If that were true, we'd be talking about Swede Halbrook, the 7'3" center for the Syracuse Nationals, as the best ever. Surely his massive height advantage over everyone, including Wilt Chamberlain, would have made him the preeminent dominant force in the paint of all time. But we're not talking about Halbrook.
In that '61-'62 season, Halbrook had an appalling .360 field goal percentage and averaged just 6.3 points per game along with a very pedestrian 6.2 rebounds per game. Numbers so poor that his NBA career ended immediately after his sophomore effort.
The other seven-footer that season, Walter Dukes, wasn't much better for Detroit. With an equally poor .396 shooting percentage, Dukes managed just 9.4 points per game and 10.4 rebounds in the '61-'62 season. Not exactly the kind of domination one would expect from a player who is as much as three or four inches taller than the next tallest guy on the floor most nights.
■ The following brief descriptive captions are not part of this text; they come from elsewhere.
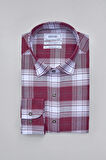 Bisse Modern Fit Paşa Yaka Ekose Bordo Erkek Gömlek GMEKS12300300_D25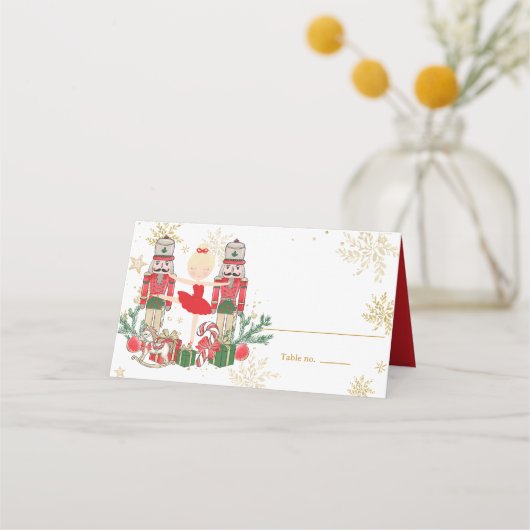 The Nutcracker Christmas Ballet Blonde Red Tutu Plaatskaartje (Achterkant)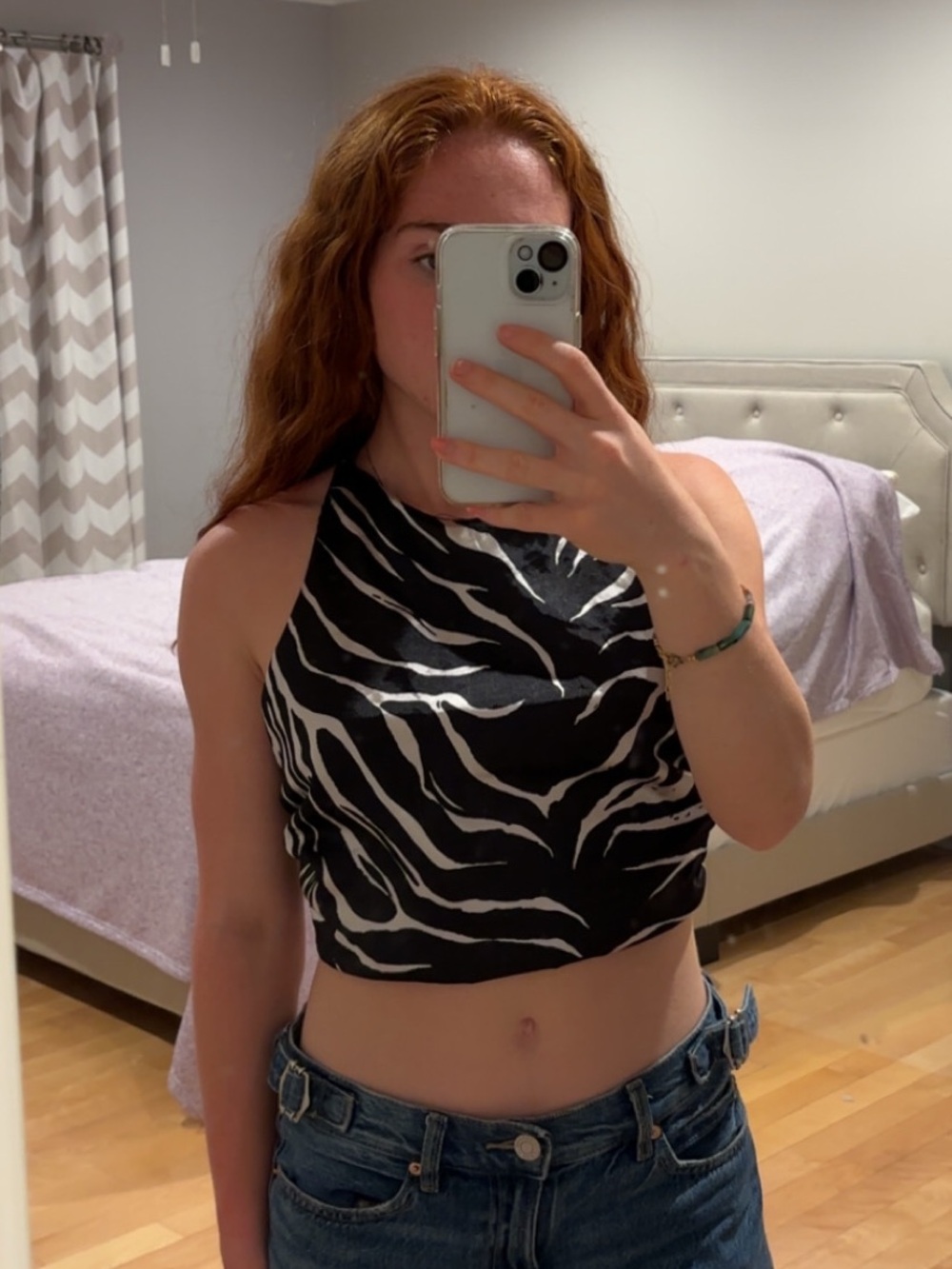Black & White Zebra Print Halter Crop Top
The fact of the matter is that height is an asset on the basketball court, but it isn't the be-all and end-all. There weren't a lot of giants in the NBA because the true big men simply weren't very good players. They were slow, they were awkward and they fatigued quickly.
With the exception of 6'11" Walt Bellamy, there wasn't a big center in the league who could be counted on to lead his team in scoring night after night.
Chamberlain changed all that.
Here was a guy who was able to use his size in a way no one else could. He could move like a guard, he could finish around the rim, he could rebound, and he seemingly never ran out of gas. He created a need for similar big men that would go largely unfulfilled for quite a few years until Lew Alcindor began his career with the Milwaukee Bucks in the 1969-70 season.
In the meantime, Wilt was simply playing a game that no one else had ever seen and that no one knew how to deal with.
Modern centers, like Shaquille O'Neal, David Robinson, Tim Duncan, Hakeem Olajuwon and Dwight Howard, exist because Chamberlain set the standard and created the stereotype. Before Wilt, there simply was no such thing.